That said, when we try to avoid the definition, we end up needing a lot of rules. For instance, if we want to know that $$\sum_{i=1}^{\infty}\frac{(-1)^i}{i}$$ converges, we want the alternating series test, but if we want to know that $$\sum_{i=1}^{\infty}\frac{1}{i^2}$$ converges, we want the integral test. Of course we can prove all these things and never worry about $\varepsilon-\delta$ again, but we end up assuming a lot of machinery which we had to construct.

In particular, when presented with a new kind of problem, we might need to go all the way back to $\varepsilon-\delta$ in order to build more machinery. For instance, consider the function: $$f(x)=\sum_{i=1}^{\infty}\frac{\sin(2^nx)}{2^n}$$ which can reasonably be seen to converge. We might wonder if $f'(x)$ exists anywhere. Termwise differentiation gives $$f'(x)=\sum_{i=1}^{\infty}\cos(2^nx)$$ which doesn't converge anywhere (since the limit doesn't go to $0$). Problem is that the termwise derivative not converging doesn't necessarily tell us anything about the function itself - for instance, we easily have that $$\sin(x)=\sum_{i=1}^{\infty}\frac{\sin(3^ix)}{2^i}-\frac{\sin(3^{i+1}x)}{2^{i+1}}$$ because the sum telescopes, but differentiating both sides (assuming that termwise differentiation works) gives: $$\cos(x)=\sum_{i=1}^{\infty}\frac{3^i}{2^i}\cos(3^ix)-\frac{3^{i+1}}{2^{i+1}}\cos(3^{i+1}x)$$ where the terms on the left go to $\infty$, so the sum doesn't converge. So, thus, we're left without tools other than $\varepsilon-\delta$ to approach such a problem (and it turns out not to be trivial).
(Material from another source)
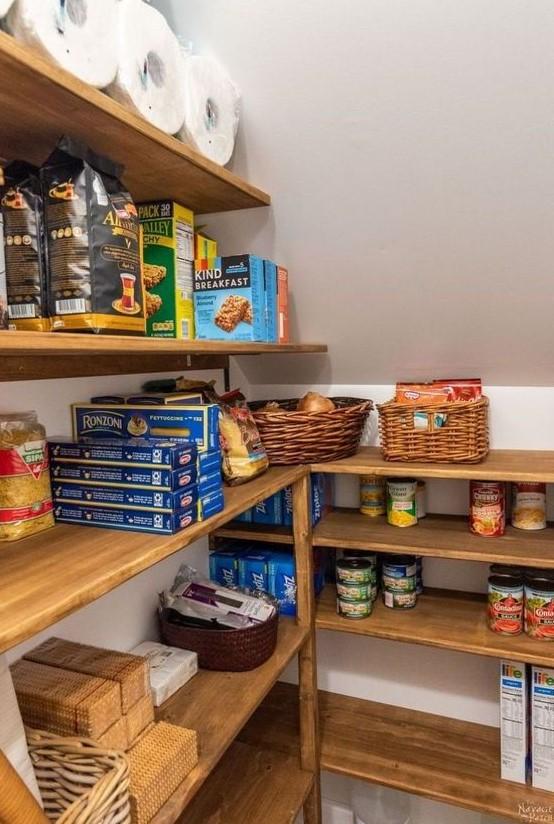 Use baskets for organized storage in your Under Stairs Kitchen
My point here is that, yes, we usually abstract away from the $\varepsilon-\delta$ definition. We try to prove lemmas which capture our intuition and which allows us to work intuitively, yet support our work rigorously (without any mathematical contortion beyond the initial proof of whatever lemma we wanted). And, indeed, if we have an intuitive answer, we probably have some "higher level" theorem we can apply to get that result to work well with our intuition. However, given that $\varepsilon-\delta$ defines the central idea of study, sometimes we need to go back to the definition either to prove more lemmas, or to investigate some object which defies our usual approach.